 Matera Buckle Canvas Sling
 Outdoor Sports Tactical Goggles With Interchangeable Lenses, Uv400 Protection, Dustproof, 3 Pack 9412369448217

---

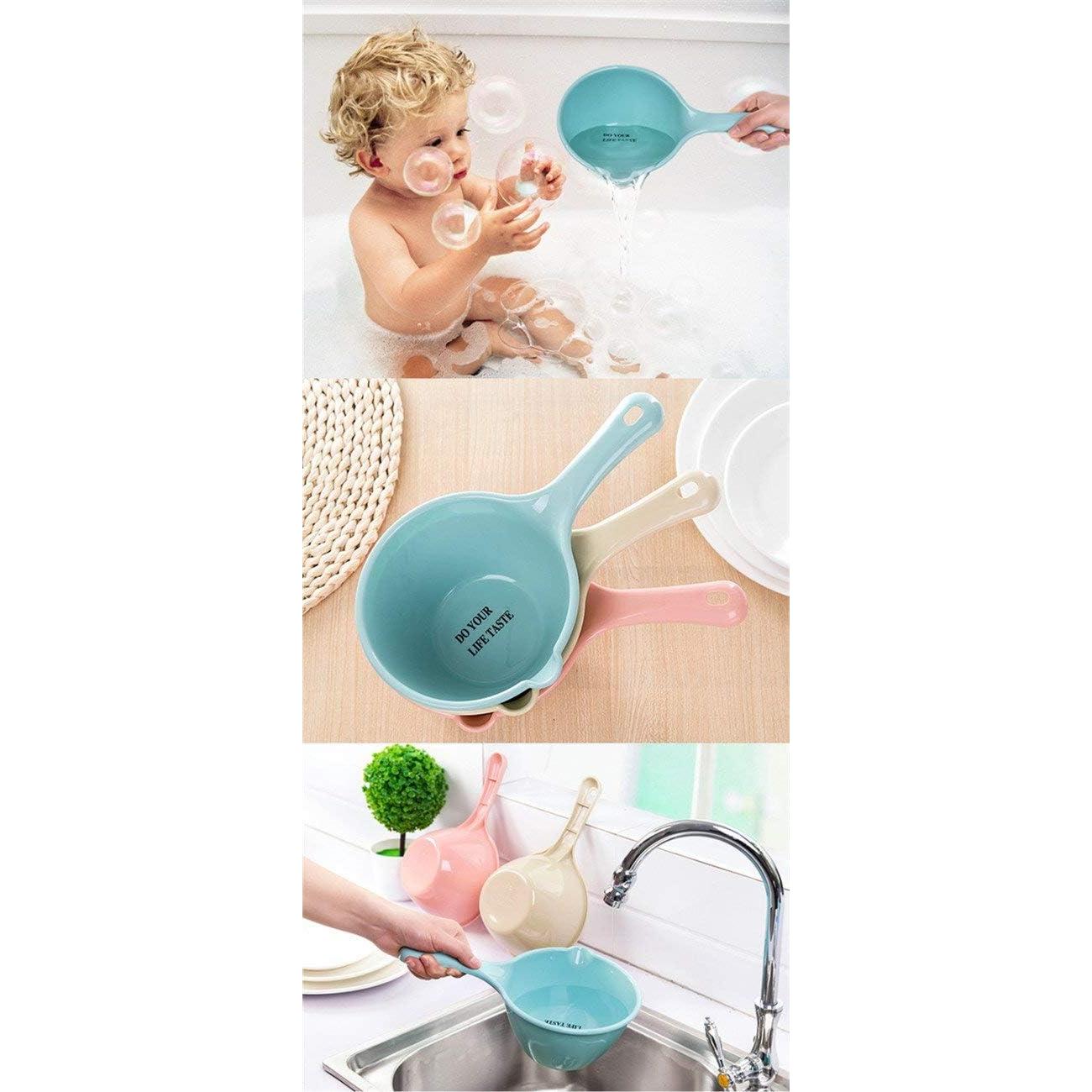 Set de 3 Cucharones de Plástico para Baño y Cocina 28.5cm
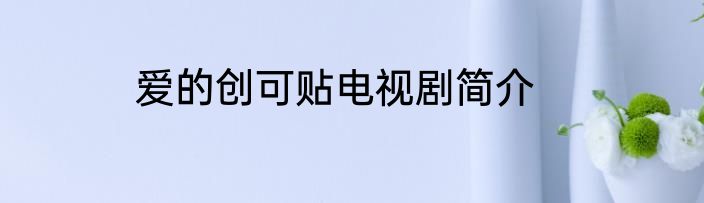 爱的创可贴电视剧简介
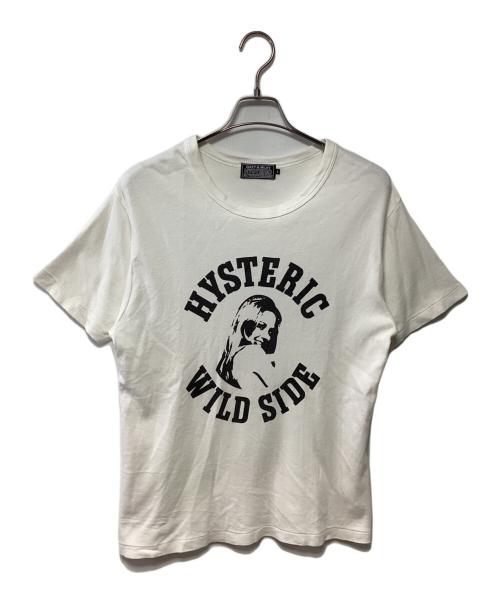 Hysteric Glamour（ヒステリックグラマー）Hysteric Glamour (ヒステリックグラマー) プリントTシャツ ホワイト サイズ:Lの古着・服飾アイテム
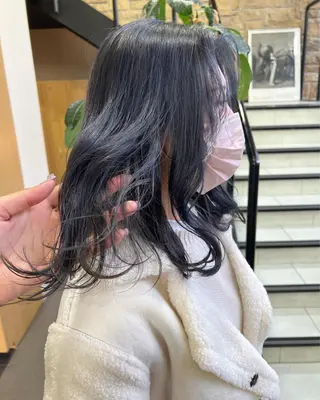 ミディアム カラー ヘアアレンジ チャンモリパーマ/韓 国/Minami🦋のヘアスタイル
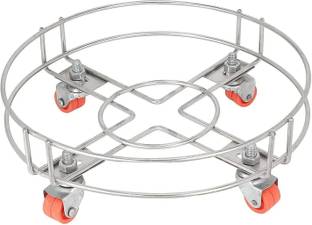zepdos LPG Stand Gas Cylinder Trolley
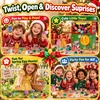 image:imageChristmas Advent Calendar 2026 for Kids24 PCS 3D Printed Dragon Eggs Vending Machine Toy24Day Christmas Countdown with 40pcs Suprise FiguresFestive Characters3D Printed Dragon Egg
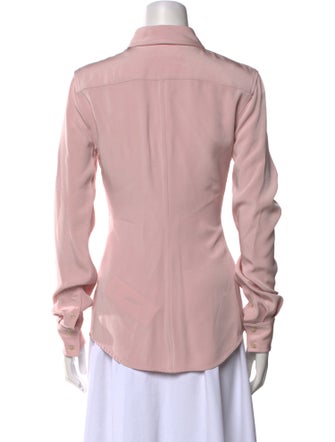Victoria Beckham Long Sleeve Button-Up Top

## YOUR OBJECTIVE
Starting at the line above that holds "Matera Buckle Canvas Sling" and ending at the line that holds "Outdoor Sports Tactical", transcribe each line exactly and include no other lines.

## YOUR RESPONSE
 Matera Buckle Canvas Sling
 Outdoor Sports Tactical Goggles With Interchangeable Lenses, Uv400 Protection, Dustproof, 3 Pack 9412369448217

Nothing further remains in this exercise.